Working from the records below, repeat exactly the lines starting at the line that contains "鲸鱼和海豚的区别（鲸鱼和海豚的区别在哪里）" and ending at the line that contains "CAR-ADVP13-0754-85 - AIGUES", inclusive.

(Brief descriptive captions)
[Start of Attachment]
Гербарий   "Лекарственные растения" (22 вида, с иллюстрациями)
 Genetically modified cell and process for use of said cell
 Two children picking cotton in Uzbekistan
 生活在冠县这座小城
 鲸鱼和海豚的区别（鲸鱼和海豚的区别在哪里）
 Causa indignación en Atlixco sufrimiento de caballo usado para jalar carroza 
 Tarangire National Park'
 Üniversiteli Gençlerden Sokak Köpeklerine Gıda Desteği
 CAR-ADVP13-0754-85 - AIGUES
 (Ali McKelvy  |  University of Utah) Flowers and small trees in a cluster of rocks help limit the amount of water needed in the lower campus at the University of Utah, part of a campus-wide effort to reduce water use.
[End of Attachment]
→ **Task answer**
 鲸鱼和海豚的区别（鲸鱼和海豚的区别在哪里）
 Causa indignación en Atlixco sufrimiento de caballo usado para jalar carroza 
 Tarangire National Park'
 Üniversiteli Gençlerden Sokak Köpeklerine Gıda Desteği
 CAR-ADVP13-0754-85 - AIGUES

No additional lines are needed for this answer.